Vocational ...

Much to my annoyance, I witnessed an academic disparage some much needed technical (and industry) skills; describing them as vocational. Sadly, a word which I think is the epitome of how technical discipline should be done in academia was for them, a word that meant that it was not in their mind of the right academic standard.

Three reasons, why I think that 'vocational' is a great word and of a suitable academic standard:

  • Students need skills; higher skills, advanced skills, discipline based skills, whatever you want to call it. Skills is at the core of vocational and vice versa. Degree students, must develop other disciplines such as critical thinking. But if they cannot 'do'. They may be of little use in the computing or telecommunications sector. It is not difficult to convert skills into critical thinking tasks. 
  • It is at the core of what the industry wants, but in many universities it is sadly seldom what we give them after three or more years of undergraduate study. Sadly, higher education does not simply for its own sake. With STEM being the core of current funding policy. There has been a long standing demand, which I doubt we are fulfilling.
  • Students come out with a degree that may look great on paper, but often in computer science, network engineering and so on, lack the ability to do anything useful. Ironic, when you think that many are now paying £9000 a year to ensure this very thing. They want and need that vocational element in order to perform. We hear of graduate nurses now lacking some of the tradition of care; the vocation, does this idiom translate into our field. Has losing the polytechnic meant a loss of the technical discipline in some areas.
I make no secret of my advocacy for vendor certification. While personally I am more aligned with Cisco and CompTIA, via my professional practice. But take the view that any vendor, with any certification, if it works for the student and their career development is a must have.

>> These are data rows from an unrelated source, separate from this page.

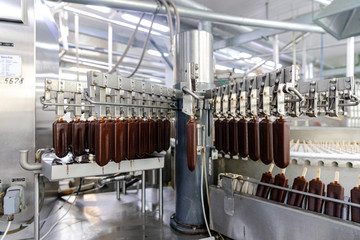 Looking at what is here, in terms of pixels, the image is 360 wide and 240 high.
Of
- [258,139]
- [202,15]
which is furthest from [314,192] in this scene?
[202,15]

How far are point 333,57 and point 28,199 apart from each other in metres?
7.37

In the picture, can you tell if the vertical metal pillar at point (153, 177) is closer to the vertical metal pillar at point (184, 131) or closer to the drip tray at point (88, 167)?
the vertical metal pillar at point (184, 131)

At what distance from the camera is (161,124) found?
Result: 1.60m

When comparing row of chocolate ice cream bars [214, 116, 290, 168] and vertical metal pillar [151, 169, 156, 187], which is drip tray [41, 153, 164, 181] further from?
vertical metal pillar [151, 169, 156, 187]

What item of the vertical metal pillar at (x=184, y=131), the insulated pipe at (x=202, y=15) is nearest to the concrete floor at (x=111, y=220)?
the vertical metal pillar at (x=184, y=131)

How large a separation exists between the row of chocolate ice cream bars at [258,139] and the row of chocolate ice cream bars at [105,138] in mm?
505

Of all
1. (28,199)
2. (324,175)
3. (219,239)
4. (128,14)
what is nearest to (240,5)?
(128,14)

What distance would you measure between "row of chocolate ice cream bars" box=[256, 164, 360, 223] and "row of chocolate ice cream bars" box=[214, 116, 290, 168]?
0.25 m

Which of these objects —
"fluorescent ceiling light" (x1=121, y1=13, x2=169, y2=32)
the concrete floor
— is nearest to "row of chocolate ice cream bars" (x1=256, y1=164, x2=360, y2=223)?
the concrete floor

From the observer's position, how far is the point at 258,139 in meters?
1.22

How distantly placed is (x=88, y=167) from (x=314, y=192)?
4.13 ft

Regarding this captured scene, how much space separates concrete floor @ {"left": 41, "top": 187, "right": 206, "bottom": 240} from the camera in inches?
63.5

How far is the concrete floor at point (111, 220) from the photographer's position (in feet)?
5.29

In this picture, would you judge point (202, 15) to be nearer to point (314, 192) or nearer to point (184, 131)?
point (184, 131) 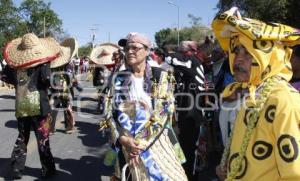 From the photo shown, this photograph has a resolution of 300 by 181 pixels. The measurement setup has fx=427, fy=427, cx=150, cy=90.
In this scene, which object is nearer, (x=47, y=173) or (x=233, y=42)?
(x=233, y=42)

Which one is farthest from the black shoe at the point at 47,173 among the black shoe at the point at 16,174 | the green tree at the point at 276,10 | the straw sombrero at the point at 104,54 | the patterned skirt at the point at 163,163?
the green tree at the point at 276,10

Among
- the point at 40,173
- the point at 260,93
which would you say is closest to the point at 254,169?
A: the point at 260,93

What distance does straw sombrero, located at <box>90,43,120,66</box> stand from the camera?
10.1 metres

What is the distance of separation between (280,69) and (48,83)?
12.9 ft

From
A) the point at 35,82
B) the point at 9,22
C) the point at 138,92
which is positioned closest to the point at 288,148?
the point at 138,92

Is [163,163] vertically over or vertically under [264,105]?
under

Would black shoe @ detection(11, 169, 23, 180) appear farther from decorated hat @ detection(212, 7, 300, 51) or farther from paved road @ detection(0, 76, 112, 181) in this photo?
decorated hat @ detection(212, 7, 300, 51)

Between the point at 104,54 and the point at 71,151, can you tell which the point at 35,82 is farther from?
the point at 104,54

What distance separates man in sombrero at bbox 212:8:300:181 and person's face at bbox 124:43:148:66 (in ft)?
4.82

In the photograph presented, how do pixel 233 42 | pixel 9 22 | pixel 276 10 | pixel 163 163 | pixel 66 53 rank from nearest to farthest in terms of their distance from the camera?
pixel 233 42, pixel 163 163, pixel 66 53, pixel 276 10, pixel 9 22

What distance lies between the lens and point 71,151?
6852 millimetres

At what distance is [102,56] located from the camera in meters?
10.4

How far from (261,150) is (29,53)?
4045 millimetres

In the past, I used to run a specialist 'training centre', each year, I would collect a handful of students from the local university. Who would pay the extra £1000+ with my organisation to take the CCNA. Because their MSc had little use when applying for jobs. Please note that this was from some six or more years ago.

In total; I have another 20 years in the sector, I doubt I will sway on my bias towards vocational being great for our students. What I do need is more advocates to join in.